Voters take a first stab at electing Democratic and Republican nominees on Monday in Iowa — a state with a patchy record of picking the eventual U.S. president but one that can easily recast the race.

Iowa was so central to Barack Obama’s path to the presidency that his 2008 campaign manager David Plouffe once summed up his whole strategy as “win Iowa, or else.”

Without Iowa, there would be no President Obama — his win over John Edwards and Hillary Clinton in the first-in-the-nation race in 2008 catapulted the gangly junior Illinois senator into the national and international spotlight.

It was on a frigid 2007 winter day in Des Moines that Obama launched his campaign and Iowa is the state where, five years later, he held his final rally for re-election.

Obama’s victory echoed that of Jimmy Carter, who came out of nowhere to win the most votes of any candidate in the 1976 Democratic caucus.

“He was ‘Jimmy Who?’ and it took Iowa for him to introduce himself and become a well-known person,” said Steffen Schmidt, a politics professor at Iowa State University.

“It seemed very unlikely at the time that he was going to go anywhere especially because there were very well-known Democrats.”

Carter reveled in Iowa’s brand of retail politics, visiting diners, shaking hands and campaigning in living rooms across the state.

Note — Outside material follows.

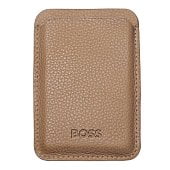 Картхолдер с магнитом Mobile Classic Grained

“He worked very hard, he went everywhere in the state, he brought his family and he was very likable,” Schmidt said.

While political fortunes can be made in the state — which is located on the plains between the Missouri and Mississippi rivers — Iowa is not always a harbinger of election success.

That is particularly true on the Republican side, where caucus-goers come disproportionately from the conservative wing of the party.

In four decades George W. Bush is the only Republican winner in a competitive Iowa race to go on to win the White House.

What Iowa is better at is winnowing the field.

Its first-in-the-nation status makes it the subject of intense media interest.

After months of imperfect polling, it comes as the first real test of campaigns and of candidates’ guile and steel.

It has long been an article of faith that there are only “three tickets out of Iowa” for each party.

Place lower than gold, silver or bronze, and a candidate is very unlikely to win the party nomination.

Republican Sen. John McCain is the only member of either party to have finished below third and still gone on to win the nomination since the caucuses began in 1972.

More often, a fourth-place finish means funding, endorsements and media coverage dry up.

That is not good news for Jeb Bush, Chris Christie, John Kasich, Carly Fiorina, Ben Carson, Mike Huckabee or Rick Santorum.

But Iowa voters are also notoriously fickle.

From the progressive cities and east to the conservative north and central belt, many voters do not make up their minds until hours before the polls.

On the Democratic side, both Clinton and Bernie Sanders are likely to survive a tight race and move on to New Hampshire.

“Momentum and excitement appear to be more on Sanders’ side, but he may be overreliant on a base of supporters that are not well-distributed throughout the state and a bit less likely to turn out at the level he needs,” analysts Larry Sabato and Kyle Kondik wrote online.

A win for Sanders would energize his campaign even further but would also increase comparisons to George McGovern, a fellow leftist who did well in Iowa and won the 1972 nomination only to be pummeled by Richard Nixon in the general election.